> **PROBLEM TO WORK ON**:
The entries below need to be written out exactly, with no pictures included.

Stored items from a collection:

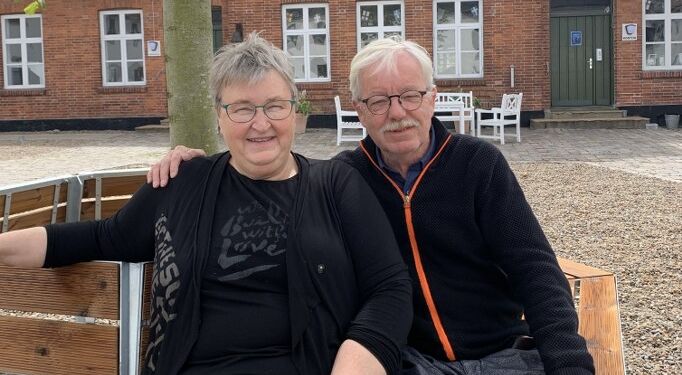 Initiativtagerne Pia Schnoor og Søren Ottzen er tidligere forstanderpar på Vrå Højskole. Foto: Arkiv.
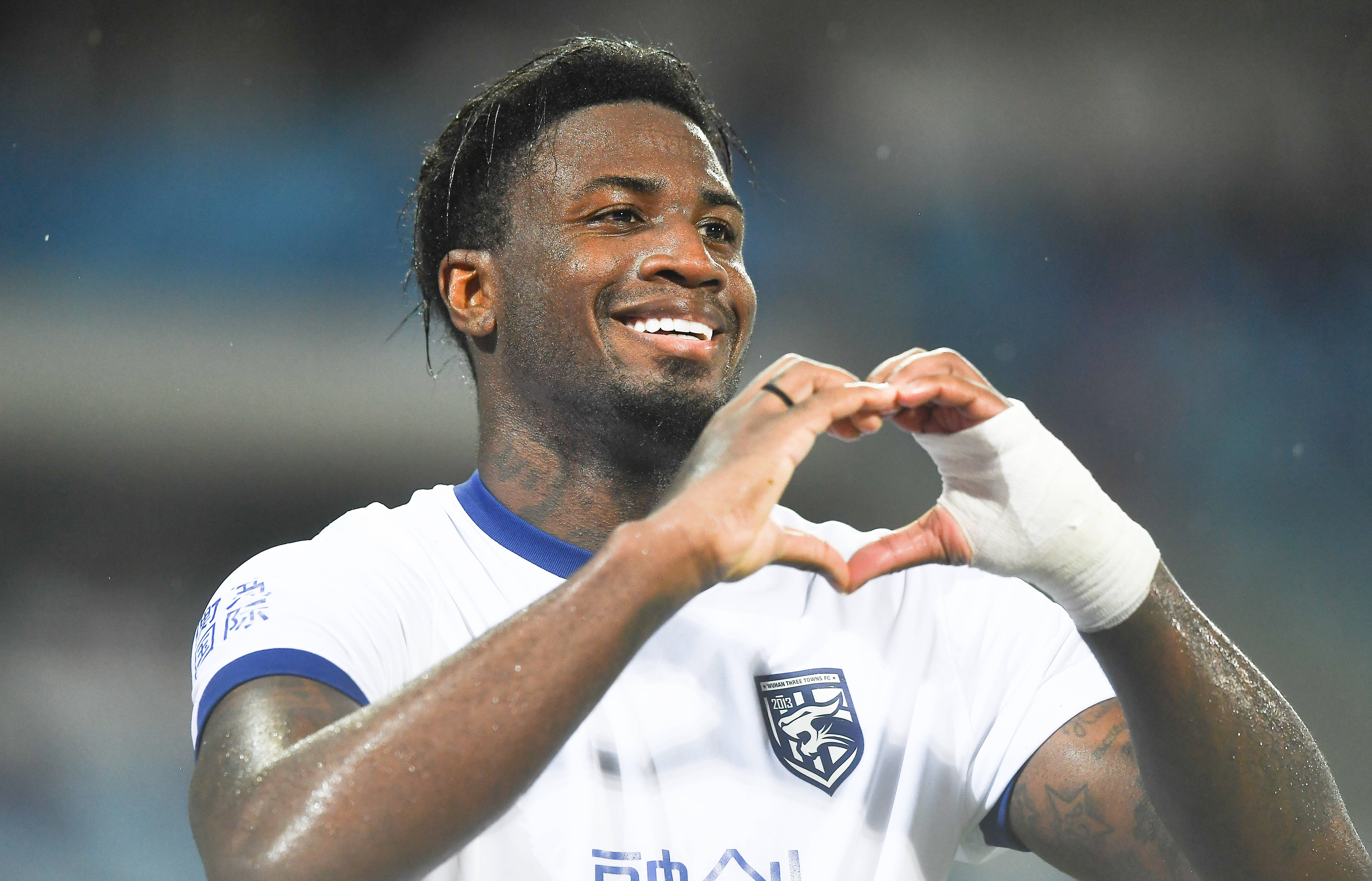 关于中超转会期再迎强敌，瓦伦西亚复出首秀，主帅态度：态度坚定，控场能力受关注的信息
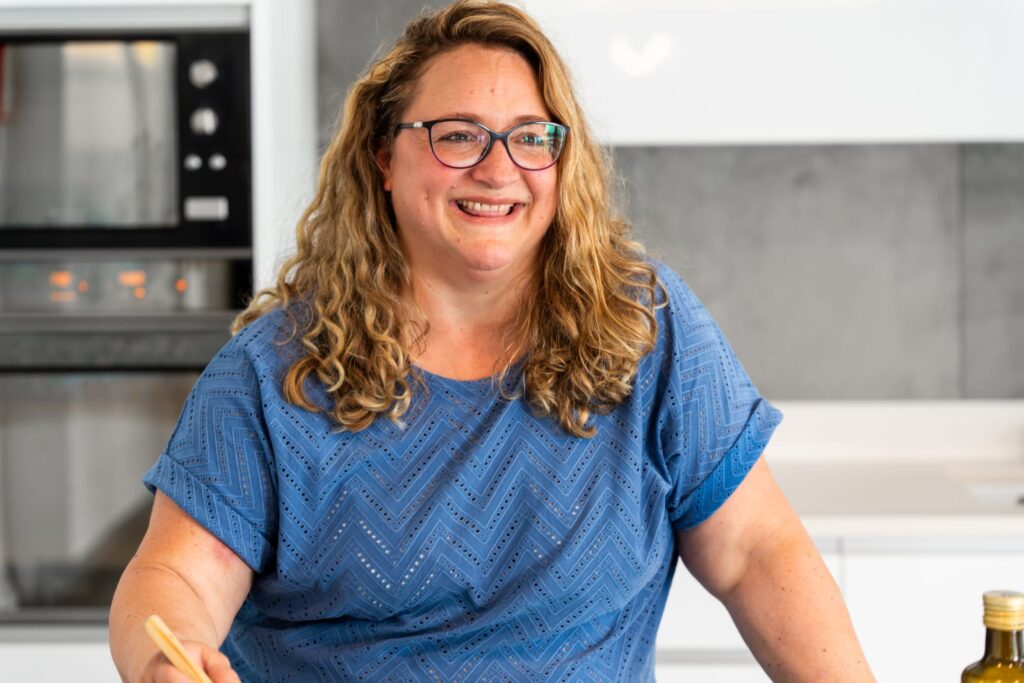Katinka in ihrer Familienküche Katinka in einer hellen Küche beim Kochen und Entwickeln von familienfreundlichen Rezepten für den Alltag.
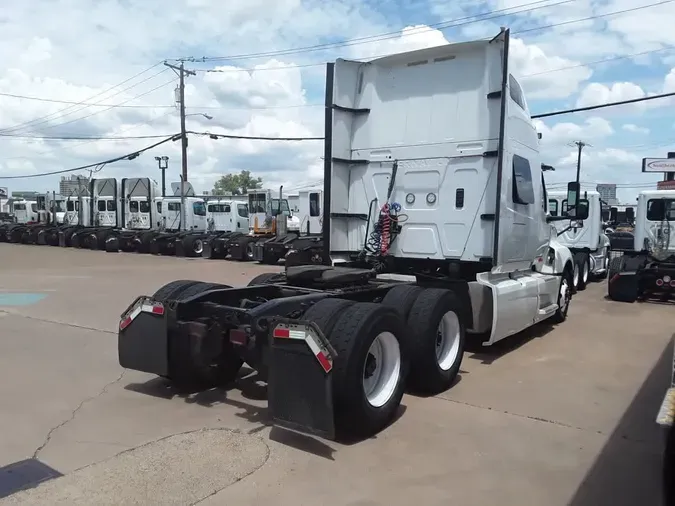 2019 NAVISTAR INTERNATIONAL LT625 SLPR CAB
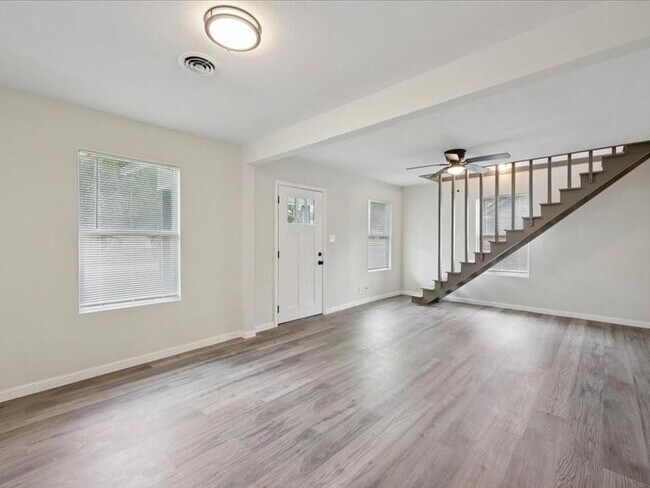 Foto del edificio - 5395 Fairview Ave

> **COMPLETED TASK**:
 Initiativtagerne Pia Schnoor og Søren Ottzen er tidligere forstanderpar på Vrå Højskole. Foto: Arkiv.
 关于中超转会期再迎强敌，瓦伦西亚复出首秀，主帅态度：态度坚定，控场能力受关注的信息
Katinka in ihrer Familienküche Katinka in einer hellen Küche beim Kochen und Entwickeln von familienfreundlichen Rezepten für den Alltag.
 2019 NAVISTAR INTERNATIONAL LT625 SLPR CAB
 Foto del edificio - 5395 Fairview Ave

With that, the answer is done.